After a very nice meal topped with a creme brulee, we walked two doors down to a local “juicy bar” to shoot pool. Now to be quite honest and open, the reason for choosing this particular spot was because, on a Saturday night in Itaewon, it was really about the only place one could find a pool table without a wait. The main attraction was left for the other clientele.
Now to jump backwards in time, before heading over to Itaewon, I was wandering around Insadong, Seoul’s “art street,” for a few hours, in search of a mother-of-pearl inlaid business card holder with a likeness of a tiger or haitai on it, only I found neither (and in fact learned that haitai are NOT fashioned out of mother-of-pearl, but seemingly only out of stone or in paintings – the shopkeeper was aghast at me even asking). But I did get a nice one with cranes on a plum or cherry tree in bloom. Very simple and only 20000 won (less than $20), and since it was my birthday present, I was happy.
Anyway, one thing about Insadong (aside from the fact that in the past eight years it has changed quite a bit, with a lot of new bigger buildings replacing the old arty shops of the past) is that this is where Korean English majors hang out to pounce on unsuspecting tourists to interview them for projects.
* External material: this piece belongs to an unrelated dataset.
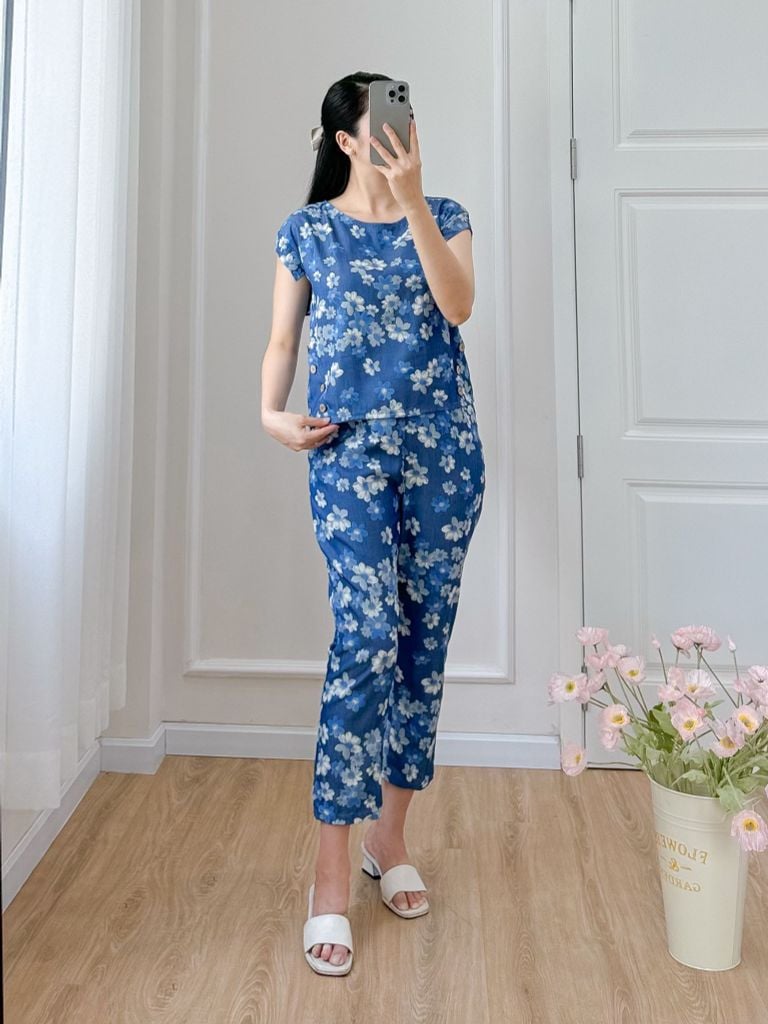 Đồ bộ dài có tay cánh tiên hoa tầm xuân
I was interviewed twice and did a brief photo spread for a student from Yonsei University who needed pictures of foreigners in their 30s (or at least that is the best I could get from his really broken English, which was worse than my minimal Korean).
As I was finishing the afternoon stroll, and resting my feet and admitting some banners calling on folks to “remember Koguryo” (an ancestral nation of Korea that Chinese scholars recently claimed as a former Chinese state, raising the ire of both North and South Korean scholars, politicians and citizens), another student came up just to chat. Now this takes some guts, and most Korean English students are afraid to just go up to a foreigner and engage in conversation, so for this reason and because its always interesting to discuss politics and society with a variety of folks, I stayed and talked to him for a while, and thus was late to my meeting in Itaewon, which turned out to be beneficial not only for the free food but also the new contact and the chance to entertain an Australian in Kwangju.
Well, there are other stories to tell, and other observations to record, but perhaps they will wait for another time, as it is past midnight already and my eyes are tired and need some sleep. Oh, and on a final note, one more bit of oddity for the evening was the French wine guy at the French restaurant in Itaewon recommending the Chilean wine over the French wine. What kind of world do we live in anyway?